Nagaland commissioner and secretary of zoology and mining Lalthara said over phone that chief minister Neiphiu Rio met Union petroleum minister Mani Shankar Aiyar and ONGC officials in New Delhi on Monday to flesh out the deal.

The ONGC suspended operations in the state in 1994.

Rio could not be contacted to confirm the new arrangement with the ONGC. He is in New Delhi, holidaying with his family. He is expected to announce the deal after returning to Kohima.

Lalthara said the government had suggested to the ONGC that the state-owned Mineral Development Corporation be made a partner in any oil-exploration exercise in Nagaland. He said the government wanted at least a 10 per cent stake in the new subsidiary.

'The people of the state should feel they are partners in the project.

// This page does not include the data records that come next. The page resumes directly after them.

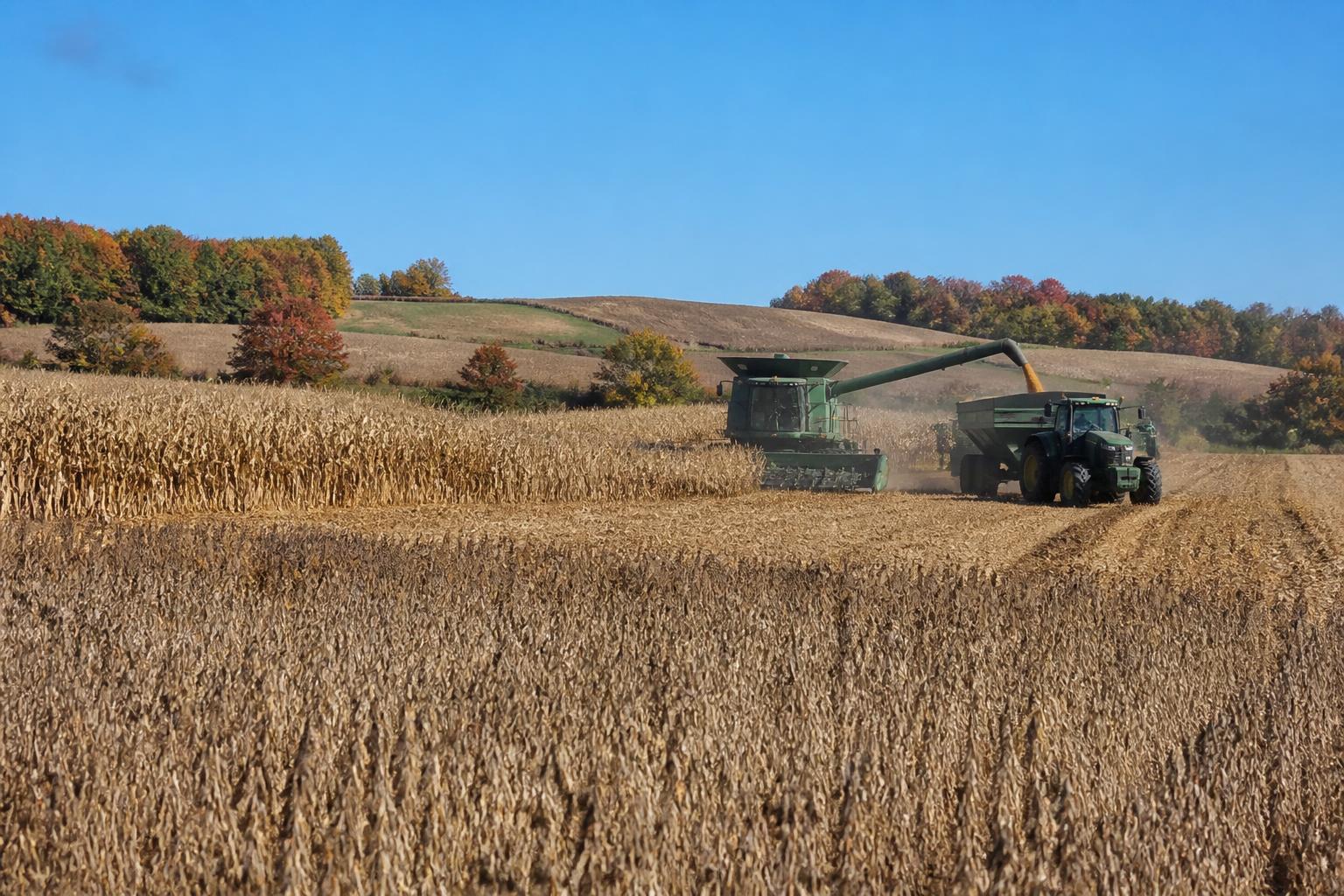 Minnesota Field Security: Strategies for Managing Emerging Risks This Fall - AgroPost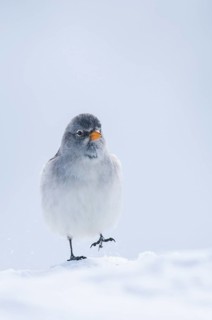 Snowfinch (Montifringilla nivalis), Valais, Switzerland
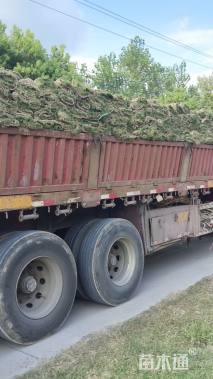 草卷状百慕大草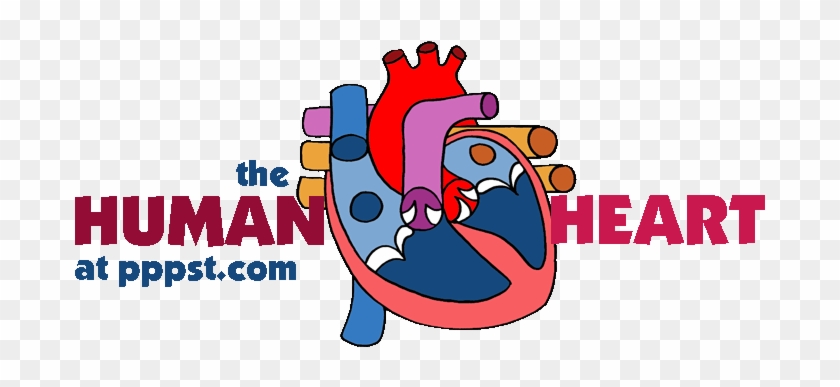Human Heart - Heart Powerpoint #1000475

The petroleum ministry and the ONGC have accepted our offer,' the commissioner said.

Another senior official said 'the deal is on, barring a last-minute hitch'.

The oil and gas major at present has only one 'special purpose vehicle (SPV)', ONGC Videsh, for its overseas operations.

The company had to stop oil exploration at Champang in Nagaland's Wokha district in April 1994, following threats from militants and disputes over land. It had extracted 17.05 million metric tonnes of oil from 11 wells in Nagaland and paid Rs 33.5 crore as royalty to the state government before the operations came to a halt.

Landowners accused the oil major of duping them by backing out of its social commitments, including projects like hospitals, educational institutions and marketing centres.

Before pulling out of the state, the ONGC had projected oil reserves of over 20 million tonnes and recoverable reserves of approximately 6 million tonnes in Champang. It had also identified several prospective oilfields in Chumukedima.

The state government last year settled the land disputes involving villagers by agreeing to pay them 2 per cent of the royalty that it would receive from the ONGC. The government also promised to ensure that the oil major fulfilled its social commitments.

The Lotha Hoho, whose writ runs large in oil-rich Wokha district, subsequently agreed to let the ONGC resume operations in the area. Under the special provisions of the Constitution applicable to Nagaland, land belongs to the people and any agreement involving their territory must have their consent. The Lotha Hoho had initially said it would allow oil exploration by MNCs, but not the ONGC.